Long before the Dodgers moved to Los Angeles and set all sorts of attendance records, the Rams had been there and done that. Their first game at the Coliseum drew 95,000 fans. It was an exhibition. The Rams were the first NFL team to surpass 1 million in attendance. They were the first NFL team to have all its games televised.
“Truly, Los Angeles was a Ram town,” said Hall of Fame defensive end Jack Youngblood. “It was our place.”
You want Showtime? The Rams epitomized Showtime so when Jerry Buss wanted to go into the big-time sports business, he quietly told friends his first choice was to buy them. When the Rams weren’t for sale, Buss “settled” for the Lakers.
The Rams looked cool, as they were the NFL’s first team with a logo on their helmets, horns that remain there today. The Rams played hot, with a daring offense that set off fireworks whose embers still burn today. At one point, they actually rotated Hall of Fame quarterbacks Van Brocklin and Bob Waterfield. In all, they had 24 Hall of Fame players, coaches or executives.
“You go through the rosters of all those years and the names are just phenomenal,” said Youngblood. “We had so many great players, so much talent, so much that resonated with the L.A. fan base.”
The 38.8 points-a-game average by the 1950 team is an NFL record that has stood for 64 years. Van Brocklin’s 554 passing yards in 1951 are a record that also remains intact. Tom Fears’ 18 catches in one game in 1950 were a record that stood for a half-century. And, of course, the NFL’s most glamorous single-season record is still held by a Ram, with Eric Dickerson’s 2,105 rushing yards in 1984 still unmatched.
“The Rams realized what everyone else eventually learned, that it’s not enough to win in this town, you have to win with superstars, and they had all the ingredients,” Donovan said.
Those superstars were the first to merge with the movie stars. Bob Hope once owned part of the team. The appearance of Kirk Douglas and Doris Day at the Coliseum gave Buss the idea of saving seats for celebrities. Waterfield was married to sex symbol Jane Russell. Linemen Merlin Olsen and Fred Dryer became regulars on TV shows.
“I remember one of my first jobs when I came to town was being in a movie,” said Hall of Fame tackle Jackie Slater, who worked on “Rooster Cogburn.” “It was like everybody on the team was busy doing something like that. We were all over town.”
While history notes that the Rams never won a Super Bowl here, Hollywood says otherwise. In 1978, quarterback Warren Beatty led the Rams to a Super Bowl win over the Pittsburgh Steelers in the movie “Heaven Can Wait.”
The Rams lost some of their luster, not to mention an entire San Fernando Valley fan base, when they foolishly moved from the Coliseum to Anaheim in 1980. But they never lost their edge; witness possibly the greatest example of the Rams’ endearing place in Los Angeles history.
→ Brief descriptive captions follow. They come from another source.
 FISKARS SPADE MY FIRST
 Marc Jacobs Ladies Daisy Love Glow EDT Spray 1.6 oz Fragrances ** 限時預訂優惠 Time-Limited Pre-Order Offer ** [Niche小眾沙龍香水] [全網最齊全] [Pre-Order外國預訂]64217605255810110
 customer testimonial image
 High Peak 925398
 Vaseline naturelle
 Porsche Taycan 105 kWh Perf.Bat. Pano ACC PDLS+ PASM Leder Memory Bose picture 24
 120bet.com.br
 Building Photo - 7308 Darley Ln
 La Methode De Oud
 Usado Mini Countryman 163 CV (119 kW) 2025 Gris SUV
It’s “Ram It,” a 1986 music video, arguably the most hilariously bad music video in the history of sports.
Said Donovan: “I don’t think that’s big on my resume.”
Said Youngblood: “It was horrible, just horrible. Nobody had any rhythm and nobody could sing.”
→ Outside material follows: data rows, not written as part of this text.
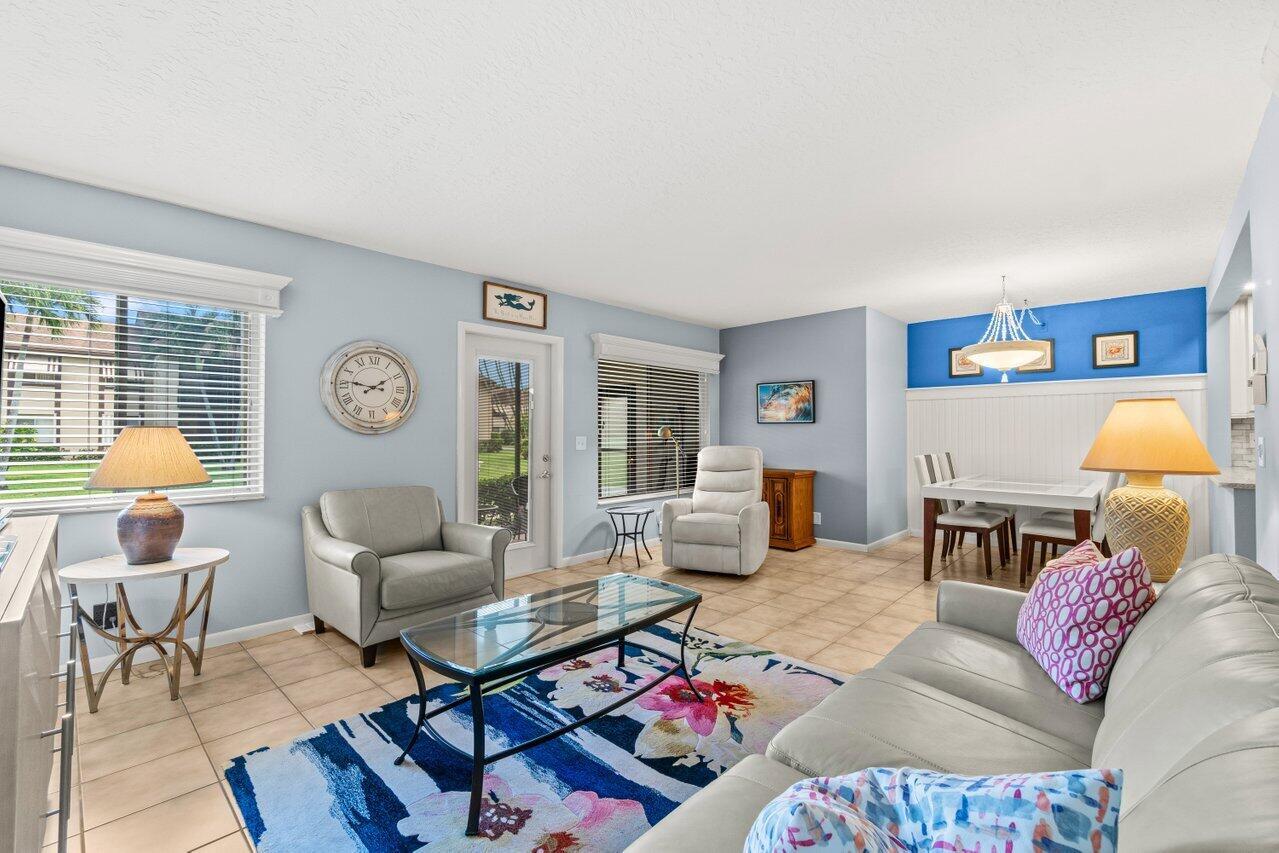 234 Pine Hov Circle B-1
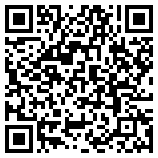 QR Code for Midtown Liquor & Deli in Tucson, AZ 85701
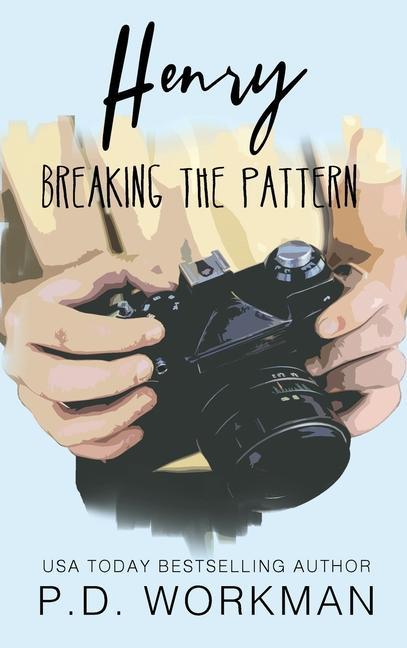 Knjiga Henry, Breaking the Pattern P.D. Workman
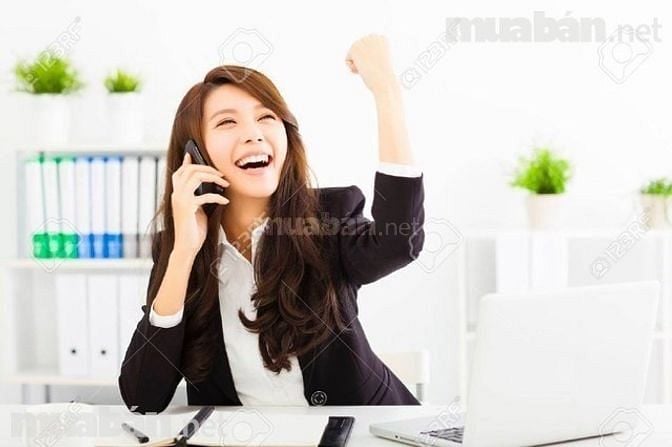 Hỗ trợ bán hàng tại Siêu Thị mini, cần tuyển nam nữ 54832002 Hỗ trợ bán hàng tại Siêu Thị mini, cần tuyển nam nữ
The video lasts an excruciating 5 minutes 24 seconds and features a group of uniformed players including Dickerson Slater bumping, grinding and rapping to a song that borders on the obscene.
“We’ll be rockin’ L.A., so let’s Ram it today, let’s Ram it,” the players sing.
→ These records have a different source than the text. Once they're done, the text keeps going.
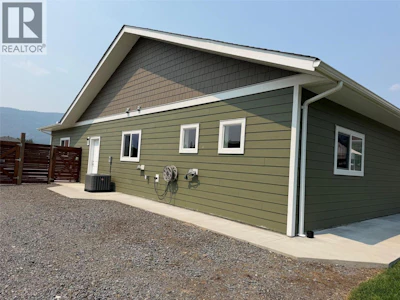 308 Elkview Trail - 4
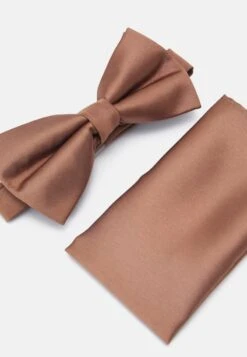 Pier One SET - Sonstige Accessoires - Brown -Deutschland Pier One Verkaufs-Shop 6af7cf88b06048ef8a845d4f3a089f0a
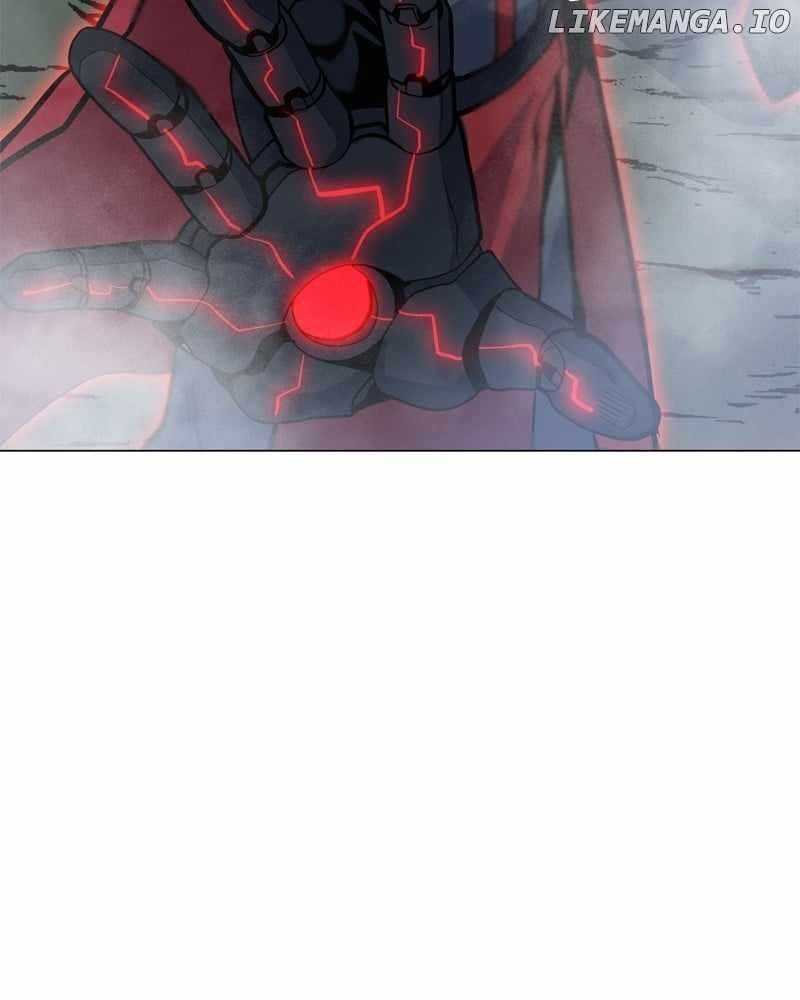 Chapter 128 (Image 6)
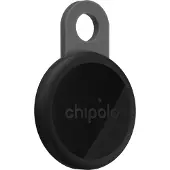 Chipolo Loop Objektsökare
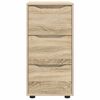 Product Thumbnail Image 8 of 15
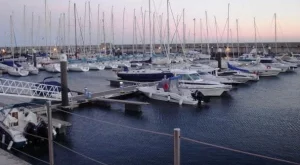 Португалия с нов финансов министър, Гашпар подал оставка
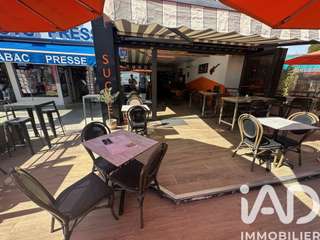 Divers ventes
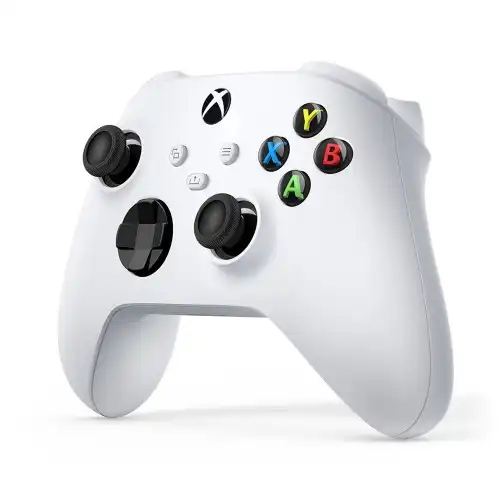 Microsoft Xbox Wireless Controller 1914 — White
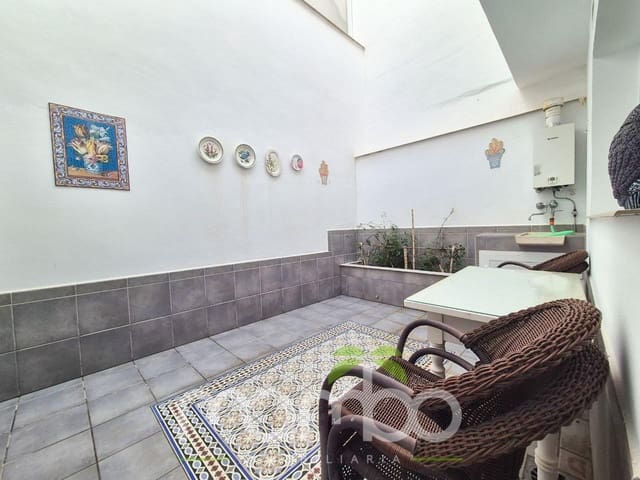 Chalet de 2 habitaciones en Lagos, Vélez-Málaga en venta - 450.000 € (Ref: 9484015)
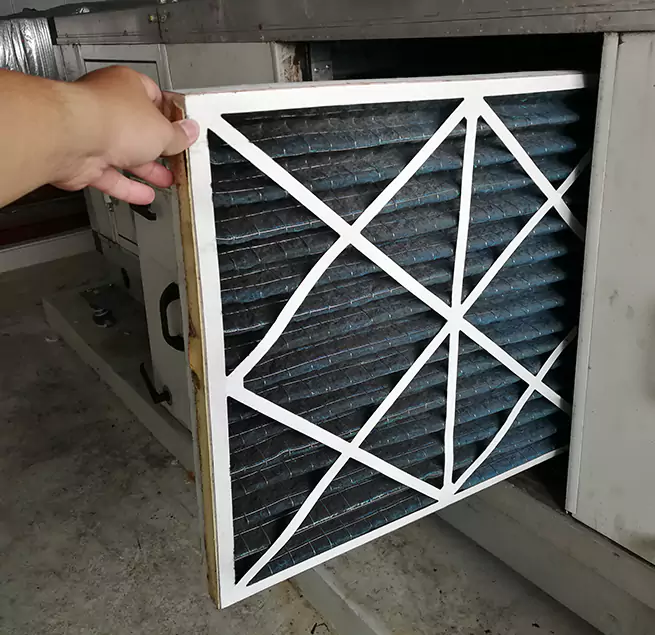 Why Homeowners & Businesses Trust Us Castro Valley, CA?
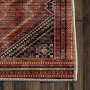 Conceptum Hypnose Tepih (120 x 180) Kece Fr56 - slika 5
Slater pretends to play a saxophone and chants, “We can’t sing and our dancing’s not pretty, but we’ll do our best for the team and the city.”
The video is the perfect metaphor for what the Rams once meant here: great talent, nutty plays, swinging for the fences, entertaining even when awful, always crazy fun.
Given the 20-year history of the NFL’s failed flirtations with Los Angeles, anybody who gets their hopes up for the Rams’ return is as silly as Slater on sax. But whatever Stan Kroenke does with his team, he needs to know they would be welcomed home.